When canon might not be ideal:

  • Fuzzy entity matching (address variants, phonetic matching) — deferred to v1
  • Master data management at enterprise scale
  • Record linkage / entity clustering

Installation

Homebrew (Recommended)

brew install cmdrvl/tap/canon

Shell Script

curl -fsSL https://raw.githubusercontent.com/cmdrvl/canon/main/scripts/install.sh | bash

From Source

cargo build --release
./target/release/canon --help

CLI Reference

canon <INPUT> --registry <REGISTRY> --column <COLUMN> [OPTIONS]

Arguments

Argument Description
<INPUT> CSV or JSONL file. Format detected by extension (.csv, .tsv, .jsonl, .ndjson). Use - for stdin (JSONL only).

Flags

Flag Type Default Description
--registry <PATH> string (required) Registry directory (versioned).
--column <COLUMN> string (required) Column containing IDs to resolve.
--emit <json|csv> string json Output mode. csv requires CSV input.
--canon-column <NAME> string <COLUMN>__canon Name of the appended canonical column. Only with --emit csv.
--map-out <PATH> string (none) Write JSON mapping artifact to file.

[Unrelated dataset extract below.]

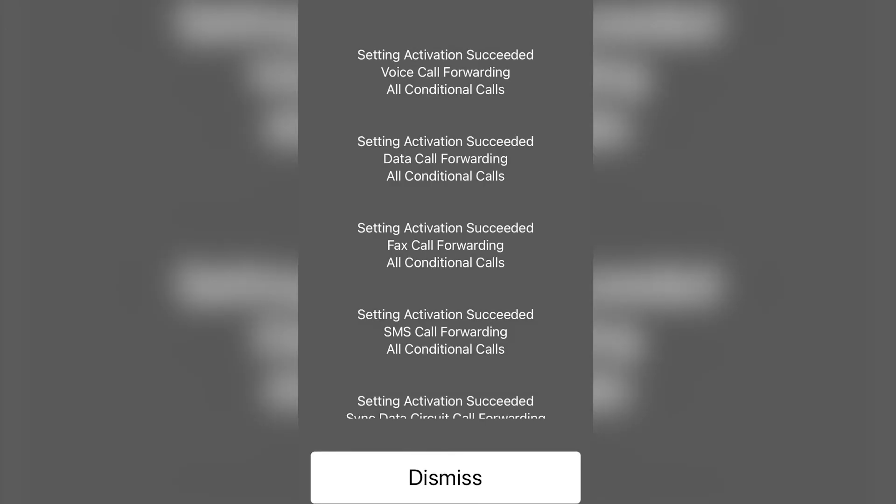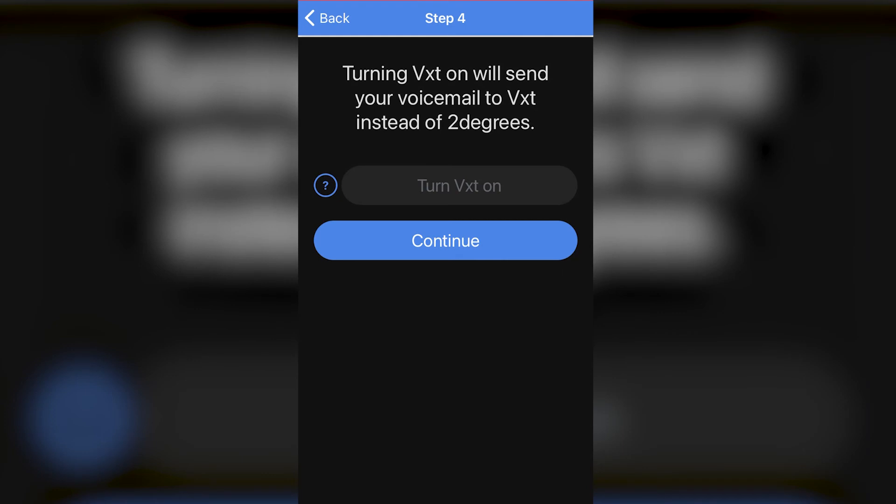Once we have called that number, if everything works correctly we'll see something like this on iOS where it will say 'setting activation succeeded.' If you're using an Android device you'll get a slightly different message.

Only with --emit csv.
--max-rows <N> integer (none) Refuse if input exceeds N data rows.
--max-bytes <N> integer (none) Refuse if input exceeds N bytes.
--no-witness flag false Suppress witness ledger append.
--version flag Print version and exit.
--describe flag Emit operator.json to stdout and exit.
--schema flag Print JSON Schema for the mapping artifact and exit.

Exit Codes

Code Meaning
0 RESOLVED (all inputs mapped)
1 PARTIAL or UNRESOLVED (some or all inputs unresolved)
2 REFUSAL or CLI error

Output Routing

--emit stdout Mapping artifact Use case
json (default) JSON mapping object IS stdout Audit, pack, inspection
csv Canonicalized CSV --map-out sidecar Pipeline stage

Scripting Examples

Canonicalize and compare (the core workflow):

canon nov.csv --registry registries/cusip-isin/ --column cusip --emit csv > nov.canon.csv
canon dec.csv --registry registries/cusip-isin/ --column cusip --emit csv > dec.canon.csv
rvl nov.canon.csv dec.canon.csv --key cusip__canon

Audit-grade pipeline with evidence:

canon nov.csv --registry registries/cusip-isin/ --column cusip \
  --emit csv --map-out evidence/nov.map.json > nov.canon.csv
canon dec.csv --registry registries/cusip-isin/ --column cusip \
  --emit csv --map-out evidence/dec.map.json > dec.canon.csv
rvl nov.canon.csv dec.canon.csv --key cusip__canon --json > evidence/rvl.json
pack seal evidence/ --note "Nov->Dec recon with canonical CUSIPs"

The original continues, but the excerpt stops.